## TO DO
Retype every record below exactly as it appears.

= = = = =

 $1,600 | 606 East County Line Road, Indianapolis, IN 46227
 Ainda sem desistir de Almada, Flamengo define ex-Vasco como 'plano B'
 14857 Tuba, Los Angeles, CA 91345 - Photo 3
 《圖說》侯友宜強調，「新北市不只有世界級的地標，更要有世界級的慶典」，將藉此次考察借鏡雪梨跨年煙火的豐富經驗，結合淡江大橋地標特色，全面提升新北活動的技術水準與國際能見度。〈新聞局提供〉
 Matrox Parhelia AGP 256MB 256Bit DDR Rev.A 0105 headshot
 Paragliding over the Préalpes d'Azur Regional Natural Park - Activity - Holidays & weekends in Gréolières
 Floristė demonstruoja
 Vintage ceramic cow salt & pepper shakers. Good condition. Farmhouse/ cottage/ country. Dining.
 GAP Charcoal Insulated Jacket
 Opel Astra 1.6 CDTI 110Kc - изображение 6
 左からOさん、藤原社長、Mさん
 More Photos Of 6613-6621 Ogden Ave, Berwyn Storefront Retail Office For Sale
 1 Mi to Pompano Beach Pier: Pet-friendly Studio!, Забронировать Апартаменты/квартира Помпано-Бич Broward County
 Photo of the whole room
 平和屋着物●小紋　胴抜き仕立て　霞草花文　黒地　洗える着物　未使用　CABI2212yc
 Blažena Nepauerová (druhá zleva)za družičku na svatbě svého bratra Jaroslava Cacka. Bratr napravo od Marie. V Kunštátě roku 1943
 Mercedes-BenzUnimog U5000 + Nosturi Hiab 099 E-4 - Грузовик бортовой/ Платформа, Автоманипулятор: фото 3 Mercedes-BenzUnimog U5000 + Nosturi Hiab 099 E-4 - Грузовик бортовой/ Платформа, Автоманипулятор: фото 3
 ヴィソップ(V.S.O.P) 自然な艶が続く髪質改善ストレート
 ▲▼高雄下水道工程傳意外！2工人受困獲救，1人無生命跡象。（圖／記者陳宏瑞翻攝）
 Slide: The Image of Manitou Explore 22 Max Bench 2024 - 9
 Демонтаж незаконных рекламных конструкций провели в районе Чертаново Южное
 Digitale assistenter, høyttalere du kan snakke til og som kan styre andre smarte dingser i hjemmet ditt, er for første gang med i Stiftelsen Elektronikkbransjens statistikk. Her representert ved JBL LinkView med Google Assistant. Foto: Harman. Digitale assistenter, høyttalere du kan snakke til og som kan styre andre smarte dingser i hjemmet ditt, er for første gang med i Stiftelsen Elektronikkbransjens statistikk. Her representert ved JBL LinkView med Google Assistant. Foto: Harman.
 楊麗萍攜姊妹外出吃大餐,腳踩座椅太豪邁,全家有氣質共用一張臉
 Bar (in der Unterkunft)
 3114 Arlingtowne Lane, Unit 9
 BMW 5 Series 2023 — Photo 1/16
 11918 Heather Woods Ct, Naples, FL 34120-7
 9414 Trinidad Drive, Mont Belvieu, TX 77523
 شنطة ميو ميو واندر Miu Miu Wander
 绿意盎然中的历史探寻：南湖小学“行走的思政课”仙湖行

= = = = =

## WRITTEN RESPONSE
 $1,600 | 606 East County Line Road, Indianapolis, IN 46227
 Ainda sem desistir de Almada, Flamengo define ex-Vasco como 'plano B'
 14857 Tuba, Los Angeles, CA 91345 - Photo 3
 《圖說》侯友宜強調，「新北市不只有世界級的地標，更要有世界級的慶典」，將藉此次考察借鏡雪梨跨年煙火的豐富經驗，結合淡江大橋地標特色，全面提升新北活動的技術水準與國際能見度。〈新聞局提供〉
 Matrox Parhelia AGP 256MB 256Bit DDR Rev.A 0105 headshot
 Paragliding over the Préalpes d'Azur Regional Natural Park - Activity - Holidays & weekends in Gréolières
 Floristė demonstruoja
 Vintage ceramic cow salt & pepper shakers. Good condition. Farmhouse/ cottage/ country. Dining.
 GAP Charcoal Insulated Jacket
 Opel Astra 1.6 CDTI 110Kc - изображение 6
 左からOさん、藤原社長、Mさん
 More Photos Of 6613-6621 Ogden Ave, Berwyn Storefront Retail Office For Sale
 1 Mi to Pompano Beach Pier: Pet-friendly Studio!, Забронировать Апартаменты/квартира Помпано-Бич Broward County
 Photo of the whole room
 平和屋着物●小紋　胴抜き仕立て　霞草花文　黒地　洗える着物　未使用　CABI2212yc
 Blažena Nepauerová (druhá zleva)za družičku na svatbě svého bratra Jaroslava Cacka. Bratr napravo od Marie. V Kunštátě roku 1943
 Mercedes-BenzUnimog U5000 + Nosturi Hiab 099 E-4 - Грузовик бортовой/ Платформа, Автоманипулятор: фото 3 Mercedes-BenzUnimog U5000 + Nosturi Hiab 099 E-4 - Грузовик бортовой/ Платформа, Автоманипулятор: фото 3
 ヴィソップ(V.S.O.P) 自然な艶が続く髪質改善ストレート
 ▲▼高雄下水道工程傳意外！2工人受困獲救，1人無生命跡象。（圖／記者陳宏瑞翻攝）
 Slide: The Image of Manitou Explore 22 Max Bench 2024 - 9
 Демонтаж незаконных рекламных конструкций провели в районе Чертаново Южное
 Digitale assistenter, høyttalere du kan snakke til og som kan styre andre smarte dingser i hjemmet ditt, er for første gang med i Stiftelsen Elektronikkbransjens statistikk. Her representert ved JBL LinkView med Google Assistant. Foto: Harman. Digitale assistenter, høyttalere du kan snakke til og som kan styre andre smarte dingser i hjemmet ditt, er for første gang med i Stiftelsen Elektronikkbransjens statistikk. Her representert ved JBL LinkView med Google Assistant. Foto: Harman.
 楊麗萍攜姊妹外出吃大餐,腳踩座椅太豪邁,全家有氣質共用一張臉
 Bar (in der Unterkunft)
 3114 Arlingtowne Lane, Unit 9
 BMW 5 Series 2023 — Photo 1/16
 11918 Heather Woods Ct, Naples, FL 34120-7
 9414 Trinidad Drive, Mont Belvieu, TX 77523
 شنطة ميو ميو واندر Miu Miu Wander
 绿意盎然中的历史探寻：南湖小学“行走的思政课”仙湖行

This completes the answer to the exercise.